— EXERCISE OBJECTIVE —
Among the entries below, one line contains "シェモワ八尾の居間・リビング" and another contains "Nike Alpha Huarache". Transcribe those two lines and every line between them, exactly.

— DATA SHOWN —
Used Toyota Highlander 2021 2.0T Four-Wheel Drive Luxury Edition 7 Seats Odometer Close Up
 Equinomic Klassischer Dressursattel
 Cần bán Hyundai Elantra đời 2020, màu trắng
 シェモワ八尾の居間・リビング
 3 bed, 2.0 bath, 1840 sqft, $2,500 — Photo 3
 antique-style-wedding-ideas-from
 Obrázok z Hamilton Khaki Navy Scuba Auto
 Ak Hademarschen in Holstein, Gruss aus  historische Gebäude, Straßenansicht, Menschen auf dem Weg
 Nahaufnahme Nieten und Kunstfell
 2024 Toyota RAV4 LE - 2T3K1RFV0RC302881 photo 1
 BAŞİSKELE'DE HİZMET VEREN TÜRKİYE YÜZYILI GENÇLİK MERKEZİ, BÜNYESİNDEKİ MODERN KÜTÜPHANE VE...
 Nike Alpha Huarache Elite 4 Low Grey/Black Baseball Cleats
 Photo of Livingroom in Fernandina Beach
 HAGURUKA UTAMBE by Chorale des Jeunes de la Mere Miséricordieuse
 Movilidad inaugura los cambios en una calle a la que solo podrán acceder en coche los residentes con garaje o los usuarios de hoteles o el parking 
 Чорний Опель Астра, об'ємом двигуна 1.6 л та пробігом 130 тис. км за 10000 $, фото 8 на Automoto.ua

— YOUR RESPONSE —
 シェモワ八尾の居間・リビング
 3 bed, 2.0 bath, 1840 sqft, $2,500 — Photo 3
 antique-style-wedding-ideas-from
 Obrázok z Hamilton Khaki Navy Scuba Auto
 Ak Hademarschen in Holstein, Gruss aus  historische Gebäude, Straßenansicht, Menschen auf dem Weg
 Nahaufnahme Nieten und Kunstfell
 2024 Toyota RAV4 LE - 2T3K1RFV0RC302881 photo 1
 BAŞİSKELE'DE HİZMET VEREN TÜRKİYE YÜZYILI GENÇLİK MERKEZİ, BÜNYESİNDEKİ MODERN KÜTÜPHANE VE...
 Nike Alpha Huarache Elite 4 Low Grey/Black Baseball Cleats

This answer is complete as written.